In late July, Canada’s RCMP(Royal Canadian Mounted Police, aka. “Mounties”) federal police force took delivery of 18 new Tactical Armoured Vehicles (TAVs), based on Navistar’s MXT-APC. Navistar’s MXTs are about twice as heavy as a Humvee, but would still be considered light by the standards of blast-resistant “MRAP/PPV” vehicles. The Canadian “TAVs” were bought under a $14 million contract, and will be used by Emergency Response Teams (ERTs) across Canada as their primary support vehicle. They’re designed for incidents including hostage takings, armed standoffs, barricaded persons and search and rescue operations, using a blueprint that came from Navistar Defence Canada Inc. in cooperation with RCMP engineers.

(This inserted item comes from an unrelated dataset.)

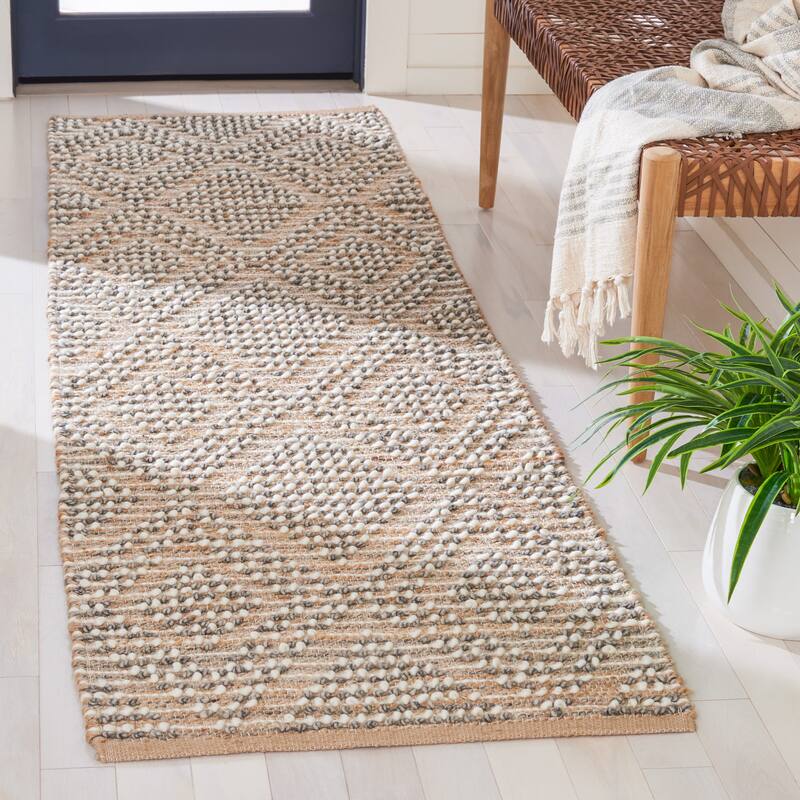 SAFAVIEH Handmade Natura Inna Diamond Jute & Wool Rug - 2'3" x 8' Runner - Natural/Grey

Britain is the MXT’s biggest customer, and their “Huskies” are deployed to Afghanistan. The RCMP is Navistar’s 1st MXT vehicle sale to police-type units, and a having such a high-profile international customer makes for a good start in that area. On the flip side of that transaction, RCMP Commissioner Bob Paulson might want to avoid phrases like “We’re proud to have acquired this impressive tool,” when referring to new cars. After 139 years, we suppose that every organization is entitled to a minor mid-life crisis. RCMP | Navistar.
“Bushmaster Bonanza at Bendigo” read the August 2007 DoD headline, as Liberal Party Minister for Defence Dr. Brendan Nelson announced that Australia would buy at least 250 more Bushmaster vehicles. The final contract was actually larger than that, in order to meet Protected Mobility Medium requirements for Project Overlander’s Phase 3. In 2011, the government placed an order for even more Bushmasters. Now 2012 has seen that intention repeated, in order to keep the workforce occupied…
Forthcoming acquisition reform in India may in effect ease the use of imported parts and decrease offset obligations, according to the Business Standard.
Japan wants to know why a CV-22 crashed last week in Florida before getting any MV-22s on its soil. The US will share the results of its investigation of the accident but is not otherwise changing its plans.
General Dynamics Land Systems joined the contenders for US SOCOM’s Ground Mobility Vehicle (GMV 1.1) competition.